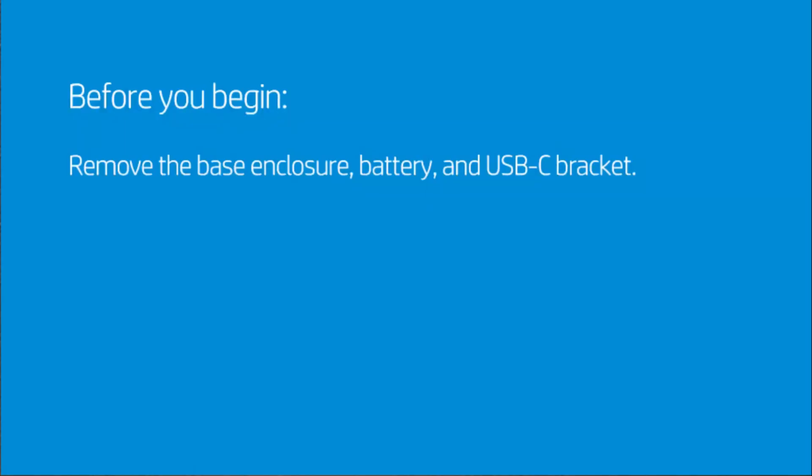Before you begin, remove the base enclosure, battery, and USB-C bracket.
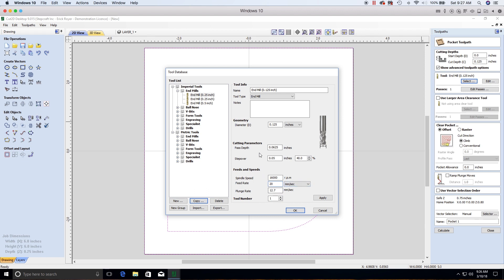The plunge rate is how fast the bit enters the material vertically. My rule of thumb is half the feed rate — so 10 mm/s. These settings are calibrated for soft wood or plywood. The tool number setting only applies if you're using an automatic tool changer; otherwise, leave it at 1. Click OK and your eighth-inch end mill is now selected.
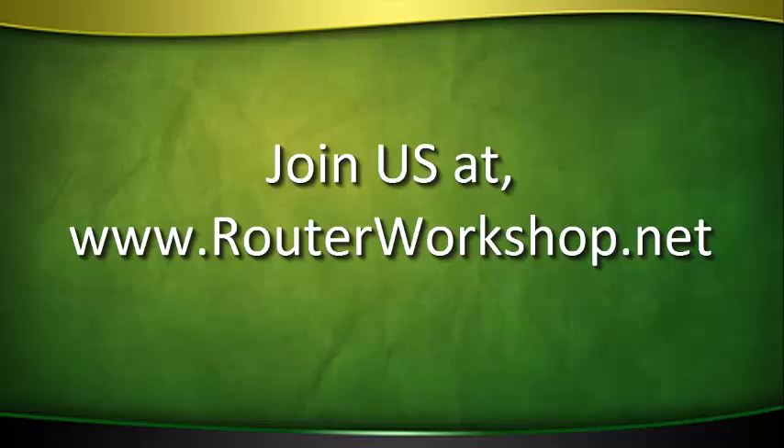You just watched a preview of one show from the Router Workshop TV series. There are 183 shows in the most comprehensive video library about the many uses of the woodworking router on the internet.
☆ ☆ ☆ ☆ ☆ ☆ ☆
Extract, word for word, each line from the top of the data down to and including the line with "The plunge rate"; skip the pictures.

Before you begin, remove the base enclosure, battery, and USB-C bracket.
The plunge rate is how fast the bit enters the material vertically. My rule of thumb is half the feed rate — so 10 mm/s. These settings are calibrated for soft wood or plywood. The tool number setting only applies if you're using an automatic tool changer; otherwise, leave it at 1. Click OK and your eighth-inch end mill is now selected.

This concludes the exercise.